This is going to be one of those woo-woo shit kinds of posts, so if you don’t like those or if you should be at church anyway, you might want to skip.
I remain, as ever, a hopeful polytheist. I don’t know how one knows for certain that she isn’t just telling herself some stories that allow her to feel like she’s connected into some universal flow, but aren’t actually true. But I still choose to throw my lot in with the stories and the characters, in every sense of the word, that we find there.
And, I have to say that two things make me feel as if it’s not just my brain making stories up to tell me so that I can sleep at night. One is the easily refutable just that it feels real to me and that my life has… not exactly improved… let’s not say that. Let’s say that it has become infinitely easier for me to live now that I’ve settled into the beliefs I’ve settled into.
For me, and I would guess for many people, Christianity is like a scratchy sweater. Many folks find they can do without sweaters all together. I have found a sweater that fits me.
But the second is that when I go to my ancestors for advice and guidance, they often tell me things that make no sense to me or are things I don’t particularly want to hear, things I find confusing or frightening. If I were telling myself a story, I feel like I know the kinds of stories about me I’d want to hear.

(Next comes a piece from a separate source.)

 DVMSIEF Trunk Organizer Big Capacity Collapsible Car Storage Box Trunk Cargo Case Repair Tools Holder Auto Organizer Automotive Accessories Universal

And you, my friends, have been reading me long enough to know the kinds of stories I’d like to tell about myself to myself–that I’m desireable and desired by everyone, that I will never struggle, that I deserve good things, etc. etc. etc.
So, anyway, yesterday I was all out of sorts, all day, just pissed and depressed about the house thing, convinced that every house in my price range is going to have some problems so severe as to render them unbuyable by me.
Which, you know, pisses me off. Having my own house is a right goal, I thought/think. The Old Man recommends it. Economists recommend it. I want it. Etc. So, why does my Fortune on the house-hunting thing seem so slightly off?
I went Over to complain. Why aren’t my Folks helping this thing happen?
I got laughed at.
Maybe I should have tried to stick with immediate family, but they’re all, with the exception of my Uncle B., who is too curious about how it All works to stay put, off with the rest of the Christians and my Uncle B. seems to feel that things are going how they should. He also lets his dog sit at the family table, so… take that for what it’s worth. In the afterlife, my folks are still spoiling their pets.
But, so, I went higher up the food chain, to Women who have homes themselves–Fensalir, Sokkvabekk, Folkvangr, Thrymheim, and on.
And I sat with one of them, who wasn’t too busy to see me, and they said that, yes, they’d heard of my strange quest to own a house. Did I not know that houses burn down? That they crumble? That they can be destroyed and some other building set in its place?
It is not about the house. It is about the land.
Land is. Houses come and go. Land is.
When I came back, I was all like “What the hell? Land? Duh, I’m going to have some land if I have a house.” But then I look at the places these Women live again–Land of Uproar, Folk-plain, Sunken-benches, Marsh Hall–and each place is a place. It’s not just a building, but it is about the land as well.
I may not have been considerate enough of that, as of yet.